Sementara itu, hasil investigasi komunitas pecinta alam Talaud, Oktober 2013, berhasil menyita 115 individu nuri talaud yang siap dikirim ke Filipina. Hasil sitaan kemudian dikirim ke PPS Tasikoki dan dilepasliarkan kembali pada Agustus 2014. Diyakini, maraknya perdagangan nuri talaud dikarenakan penduduk sekitar merasa lebih mudah dan menguntungkan menjual satwa ini langsung ke Filipina.

“Jarak yang dekat, kemudahan izin tinggal antara penduduk lokal di perbatasan, serta banyaknya kerabat antara penduduk Talaud dan Mindanao menyebabkan pilihan menjual lory ini ke Filipina merupakan salah satu pilihan yang menguntungkan bagi penduduk Talaud,” demikian ditulis Hanom Bashari dalam Perdagangan Burung Paruh Bengkoko di Kawasan Wallacea: Isu-Isu Penting Perdagangan Burung Paruh Bengkok dari Kawasan Wallacea ke Luar Indonesia.

Terbongkarnya kasus-kasus tersebut menunjukkan bahwa Sulawesi Utara masih menjadi wilayah perdagangan satwa ilegal. Pada satu sisi, dilihat dari asal satwa yang diperdagangkan, provinsi ini menjadi wilayah target dan pasar. Sementara, di sisi lainnya, Sulawesi Utara diyakini menjadi wilayah singgah perdagangan satwa ilegal untuk diteruskan, baik ke wilayah lain di Indonesia ataupun ke luar negeri.

Bagaimana Penegakan Hukumnya?

Meski berhasil menggagalkan sejumlah kasus perdagangan satwa ilegal, namun proses pengawasan di lapangan dinilai kurang maksimal. Billy mengatakan, sejauh pengamatannya pada tahun 2015, cukup banyak masyarakat yang melaporkan dugaan perdagangan satwa ilegal. Namun, tindak lanjut dari laporan-laporan tersebut dinilai lambat.

Selain itu, Billy menambahkan, kasus-kasus perdagangan satwa ilegal yang berhasil dibongkar, minim memberi efek jera bagi para pelakunya. Sebagian besar pelaku berhasil lolos dari jerat hukum. Bahkan, aparat terkait dinilai belum menyentuh aktor utama perdagangan satwa ilegal ini. “Yang ditindak hanya pelaku perdagangan burung, tapi pelaku lain lepas, hanya satwanya yang disita. Kemudian, yang dibongkar hanya pedagang-pedagang kecil saja,” ujar Billy.

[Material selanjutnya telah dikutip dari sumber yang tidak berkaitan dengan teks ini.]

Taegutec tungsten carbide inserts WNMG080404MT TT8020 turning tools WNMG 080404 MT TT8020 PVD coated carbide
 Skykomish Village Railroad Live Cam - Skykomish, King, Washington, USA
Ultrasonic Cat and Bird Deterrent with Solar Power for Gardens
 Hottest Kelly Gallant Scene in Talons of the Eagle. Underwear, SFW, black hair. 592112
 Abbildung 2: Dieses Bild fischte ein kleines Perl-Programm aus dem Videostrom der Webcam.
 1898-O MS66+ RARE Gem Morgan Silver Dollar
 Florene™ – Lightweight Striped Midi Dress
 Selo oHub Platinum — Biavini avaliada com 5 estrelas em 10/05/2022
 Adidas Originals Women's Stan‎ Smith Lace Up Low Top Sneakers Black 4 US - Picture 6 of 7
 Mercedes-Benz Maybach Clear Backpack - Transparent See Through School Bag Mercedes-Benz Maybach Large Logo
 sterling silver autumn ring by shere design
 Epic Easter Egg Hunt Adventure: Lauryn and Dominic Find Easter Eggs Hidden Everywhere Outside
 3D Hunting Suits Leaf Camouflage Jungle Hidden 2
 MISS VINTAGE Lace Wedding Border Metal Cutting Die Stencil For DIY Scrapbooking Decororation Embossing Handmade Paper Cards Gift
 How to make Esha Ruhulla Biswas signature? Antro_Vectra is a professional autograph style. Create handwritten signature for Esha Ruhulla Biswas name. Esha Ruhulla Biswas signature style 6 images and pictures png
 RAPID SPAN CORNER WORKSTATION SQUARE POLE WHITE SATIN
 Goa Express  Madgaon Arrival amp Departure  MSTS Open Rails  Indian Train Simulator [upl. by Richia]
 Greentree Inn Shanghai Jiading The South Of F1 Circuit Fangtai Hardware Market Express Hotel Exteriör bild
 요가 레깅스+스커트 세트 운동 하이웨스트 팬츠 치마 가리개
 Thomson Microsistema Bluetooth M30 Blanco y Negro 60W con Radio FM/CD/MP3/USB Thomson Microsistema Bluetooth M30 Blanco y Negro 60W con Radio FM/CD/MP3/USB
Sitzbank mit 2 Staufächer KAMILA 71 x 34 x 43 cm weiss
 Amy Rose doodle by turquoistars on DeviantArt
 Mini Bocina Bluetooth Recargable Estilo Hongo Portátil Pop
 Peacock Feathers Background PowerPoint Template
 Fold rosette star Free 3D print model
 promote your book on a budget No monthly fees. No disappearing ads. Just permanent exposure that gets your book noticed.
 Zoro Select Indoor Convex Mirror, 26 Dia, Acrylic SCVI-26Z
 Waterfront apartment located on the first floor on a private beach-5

Tersngka Nur Hasan dengan barang bukti Nuri Bayan. Foto: COP
Tersngka Nur Hasan dengan barang bukti Nuri Bayan. Foto: COP

Sementara itu, berdasarkan data Macaca Nigra Project (MNP), selama Januari hingga November 2015, ditemukan 69 jerat, baik jerat untuk burung, ayam dan babi. Jumlah jerat yang ditemukan dari tahun ke tahun mengalami fluktuasi. Pada tahun 2012 ke tahun 2013, mengalami penurunan dari 181 jerat menjadi 122 jerat. Sedangkan 2013 ke 2013, mengalami peningkatan menjadi 139 jerat.

Lokasi penemuan jerat hanya terbatas di areal penelitian MNP, yang terdapat 4 kelompok Macaca nigra liar. “Artinya, penemuan jerat ini hanya suatu luasan yang kecil dibanding seluruh total area kawasan konservasi Tangkoko,” kata Stephan Miloyski Lentey kepada Mongabay melalui surat elektronik.

Meski demikian, pihak BKSDA Sulut mengaku telah berusaha maksimal dalam mengawasi peredaran satwa liar. Bahkan, dikatakan Sudiyono, pengawasan di beberapa titik sudah cukup ketat. Namun, keterbatasan personil ditambah ‘kecerdikan’ pemburu serta pelaku perdagangan satwa ilegal menjadi permasalahan yang tidak terhindarkan.

“Di bandara, sebenarnya, pengawasannya sangat bagus. Tapi, untuk jalur laut itu yang agak susah. Karena terlalu banyak pintu-pintu tidak resmi, kemudian memungkinkan juga menggunakan kapal-kapal kecil, mereka bisa melintasi antar pulau,” jelas Sudiyono.

“Kita memang, menempatkan petugas di sana. Tapi, kendalanya, jumlah petugas yang terbatas. Kemudian, yang melintasi pelabuhan kecil itu relatif kecil. Justru pelabuhan-pelabuhan ilegal yang sulit kami awasi.”

Namun, Sudiyono meyakini, praktik perdagangan satwa di Sulawesi Utara cenderung menurun. Keyakinannya, didasari oleh minimnya laporan-laporan perdagangan satwa ilegal di pasar-pasar tradisional di Sulawesi Utara. “Indikator kami di pasar. Kami sudah tidak mendapat informasi mengenai perdagangan tersebut.”